McVries strode away. Garraty wanted to call him back but couldn’t.
Then, for the fourth time, it was nine o’clock in the morning. They turned left and the crowd was again below the twenty-four of them as they crossed the 295 overpass and into the town of Freeport. Up ahead was the Dairy Joy where he and Jan sometimes used to stop after the movies. They turned right and were on U.S. 1, what somebody had called the big highway. Big or small, it was the last highway. The hands on Garraty’s watch seemed to jump out at him. Downtown was straight ahead. Woolman’s was on the right. He could just see it, a squat and ugly building hiding behind a false front. The tickertape was starting to fall again. The rain made it sodden and sticky, lifeless. The crowd was swelling.

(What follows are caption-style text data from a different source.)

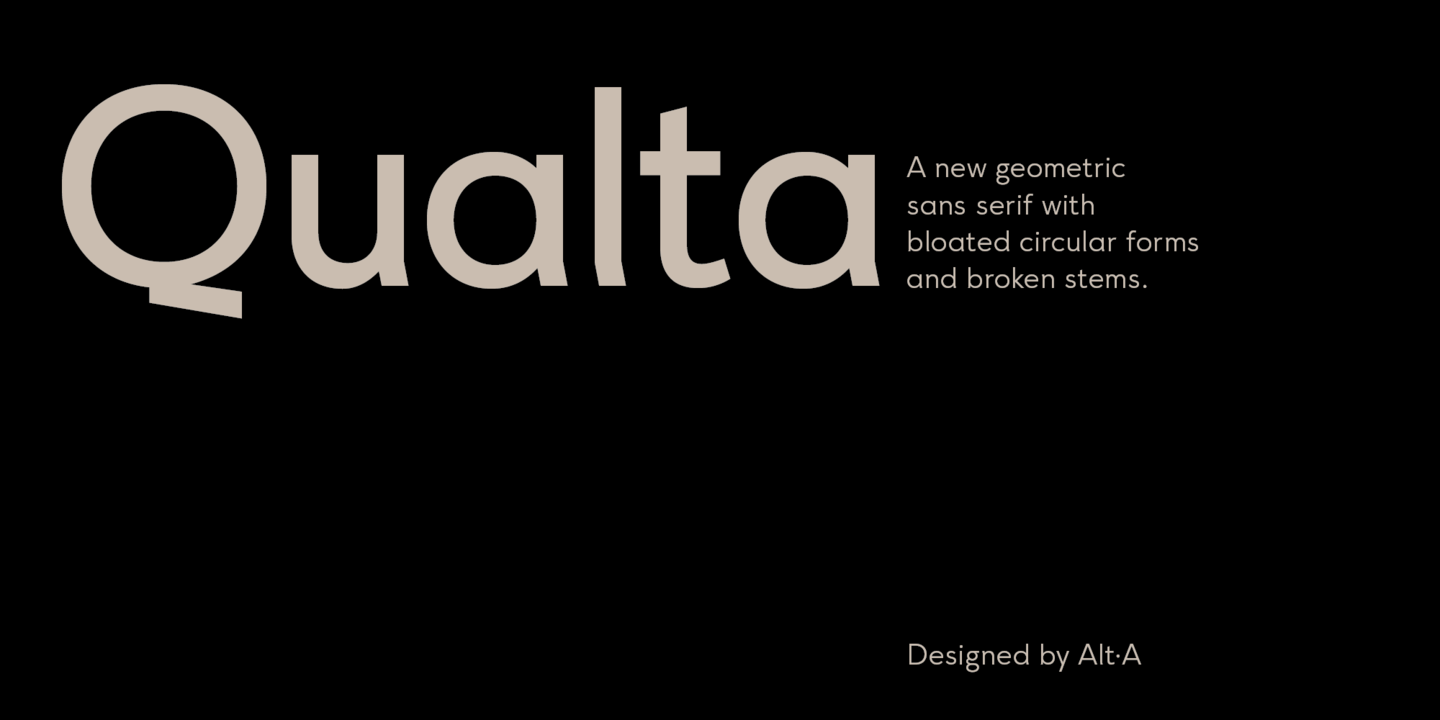 Przykładowa czcionka Qualta #1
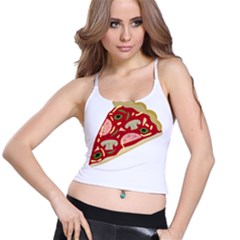 Pizza Slice Spaghetti Strap Bra Top by Valentinaart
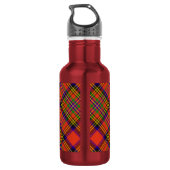 Clan Hepburn Wapen over Tartan Waterfles (Achterkant)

Someone turned on the town fire siren, and its wails mixed and blended with Klingerman’s. Klingerman and the Freeport fire siren sang a nightmarish duet.
Tension filled Garraty’s veins, stuffed them full of copper wire. He could hear his heart thudding, now in his guts, now in his throat, now right between the eyes. Two hundred yards. They were screaming his name again
He drifted over to the right until the clutching hands of Crowd were inches from him-one long and brawny arm actually twitched the cloth of his shirt, and he jumped back as if he had almost been drawn into a threshing machine-and the soldiers had their guns on him, ready to let fly if he tried to disappear into the surge of humanity. Only a hundred yards to go now. He could see the big brown Woolman’s sign, but no sign of his mother or of Jan. God, oh God God, Stebbins had been right… and even if they were here, how was he going to see them in this shifting, clutching mass?
A shaky groan seeped out of him, like a disgorged strand of flesh. He stumbled and almost fell over his own loose legs. Stebbins had been right. He wanted to stop here, to not go any further. The disappointment, the sense of loss, was so staggering it was hollow. What was the point? What was the point now?
Fire siren blasting, Crowd screaming, Klingerman shrieking, rain falling, and his own little tortured soul, flapping through his head and crashing blindly off its walls.
He saw her. She was waving the blue silk scarf he had gotten her for her birthday, and the rain shimmered in her hair like gems. His mother was beside her, wearing her plain black coat. They had been jammed together by the mob and were being swayed helplessly back and forth. Over Jan’s shoulder a TV camera poked its idiot snout.